We are, I hope, all too busy to need any answer to such childish,
uncandid reasoning as this."
And then the Letter goes on to give, with the fullest apparatus of details,
dates, and authorities, the miserable tale of religious persecution
practised, during three centuries, at home and abroad, by Anglicans on
Puritans, by Protestants on Romanists, by orthodox Protestants on heterodox
Protestants; and then, to clinch his argument and drive it home, he gives
the substance of the Penal Code under which Irish Catholics suffered so
cruelly and so long.
"With such facts as these, the cry of persecution will not do; it is
unwise to make it, because it can be so very easily, and so very
justly retorted. The business is to forget and forgive, to kiss and be
friends, and to say nothing of what has passed; which is to the credit
of neither party. There have been atrocious cruelties, and abominable
acts of injustice, on both sides. It is not worth while to contend who
shed the most blood, or whether death by fire is worse than hanging or
starving in prison.
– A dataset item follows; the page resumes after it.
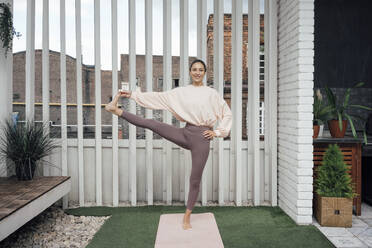 Lächelnde Frau beim Üben der Utthita Hasta Padangusthasana-Pose auf der Terrasse - VPIF04981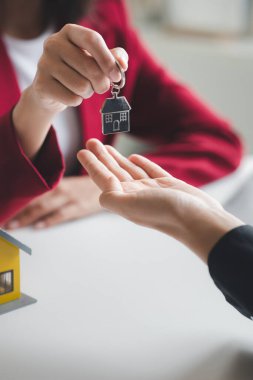 A home rental company employee is handing the house keys to a customer who has agreed to sign a rental contract, explaining the details and terms of the rental. Home and real estate rental ideas.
As far as England itself is concerned, the balance
may be better preserved. Cruelties exercised upon the Irish go for
nothing in English reasoning; but if it were not uncandid and
vexatious to consider Irish persecutions[90] as part of the case, I
firmly believe there have been two Catholics put to death for
religious causes in Great Britain for one Protestant who has suffered:
not that this proves much, because the Catholics have enjoyed the
sovereign power for so few years between this period and the
Reformation; and certainly it must be allowed that they were not
inactive, during that period, in the great work of pious combustion.